Here’s a pop quiz: What happens if Donald Trump wins the Republican nomination for president?

A) The world comes to an end.

B) The Republican Party falls apart.

C) The Democratic nominee automatically wins the election.

D) None of the above.

E) For those who chose Choice D, you may be in the minority, but you are correct.

Mr. Trump stirs deep emotions. People who like him love him. People who hate him loathe him. But that doesn’t mean that he’s an alien sent to our planet to change everything we’ve ever known about politics.

If he’s the GOP candidate for president, he will be dealt with like any candidate for president. Some down-ticket Republicans will run away from him. Some won’t mention him. Others will embrace him because he will help them get elected.

Politicians will do what’s in their best interests. Mr. Trump would be a different presidential contender only by degree. Republicans will run away from him — or toward him — at a faster pace than in previous years. But the standard-bearer of a party is always a mixed bag. Mr. Trump is just more mixed than usual.

This is not to say that the Republican Party isn’t in distress. It is. So is the Democratic Party. Both parties are facing an upheaval this year. Voters are lashing out at their longtime leaders because they have been promised so much for so many years and gotten almost nothing tangible in return.

For an entire generation, presidents and the Congresses they’ve worked with (or against) have talked a good game. But they haven’t delivered where it counts — in voters’ wallets.

That’s one reason Choice C above isn’t true. Hillary Clinton isn’t a shoo-in for the White House if she faces Mr. Trump. She has been given a serious run for the Democratic nomination by an until now little-known 74-year-old socialist from the tiny state of Vermont. If that isn’t proof that she’s a lousy candidate, then nothing is.

Yes, she can lose and Mr. Trump can win.

Nor is Choice B likely to happen. The Republican Party can survive even a blowhard like Donald Trump. In fact, oddly, the GOP could be broadened by the many recent nonvoters Mr. Trump is luring into election booths. For good or ill, he has sent out a clarion call, and the masses have responded.
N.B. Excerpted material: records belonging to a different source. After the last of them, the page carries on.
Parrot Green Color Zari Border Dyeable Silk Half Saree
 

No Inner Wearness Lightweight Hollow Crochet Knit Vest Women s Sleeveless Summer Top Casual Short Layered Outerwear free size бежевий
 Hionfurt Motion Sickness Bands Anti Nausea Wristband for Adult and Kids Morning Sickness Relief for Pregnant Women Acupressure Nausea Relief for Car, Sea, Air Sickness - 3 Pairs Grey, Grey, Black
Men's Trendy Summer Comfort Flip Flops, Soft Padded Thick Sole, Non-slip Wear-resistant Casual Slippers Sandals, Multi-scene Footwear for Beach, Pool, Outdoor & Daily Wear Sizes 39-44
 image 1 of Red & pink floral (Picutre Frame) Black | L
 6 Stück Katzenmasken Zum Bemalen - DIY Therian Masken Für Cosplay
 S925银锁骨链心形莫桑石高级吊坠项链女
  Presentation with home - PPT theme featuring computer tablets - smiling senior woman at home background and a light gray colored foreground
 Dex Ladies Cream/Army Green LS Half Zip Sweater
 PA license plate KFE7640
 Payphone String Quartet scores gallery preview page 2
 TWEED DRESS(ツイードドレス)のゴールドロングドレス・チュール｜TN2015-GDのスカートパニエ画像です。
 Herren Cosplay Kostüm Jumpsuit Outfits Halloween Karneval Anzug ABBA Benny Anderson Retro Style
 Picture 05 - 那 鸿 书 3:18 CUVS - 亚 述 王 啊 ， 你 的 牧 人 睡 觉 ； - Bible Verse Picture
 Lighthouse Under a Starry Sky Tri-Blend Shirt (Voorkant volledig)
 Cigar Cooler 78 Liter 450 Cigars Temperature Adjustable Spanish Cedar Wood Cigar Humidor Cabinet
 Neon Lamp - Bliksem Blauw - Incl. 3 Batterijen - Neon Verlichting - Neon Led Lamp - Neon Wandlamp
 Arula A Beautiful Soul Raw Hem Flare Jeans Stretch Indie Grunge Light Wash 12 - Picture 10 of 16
Haven’t political experts said for years that turnout is the most important factor in who wins elections? Well, say what you want — Mr. Trump turns out voters.

Also, Republican tumult isn’t new. The Republican Party has been going through paroxysms of dissent for years. House Speaker John Boehner resigned in the face of a growing revolt within the GOP ranks. The Tea Party has been threatening higher-ups for several election cycles. It hasn’t been your father’s Republican Party for years now. Mr. Trump is just the eruption of this long-smoldering political volcano.

The Republican Party will survive in altered form. In fact, it was changed before Mr. Trump joined the race for president.

As for whether the world will come to an end — Choice A — the assertion is obviously hyperbolic. The globe survived two world wars; it can live beyond a Trump candidacy.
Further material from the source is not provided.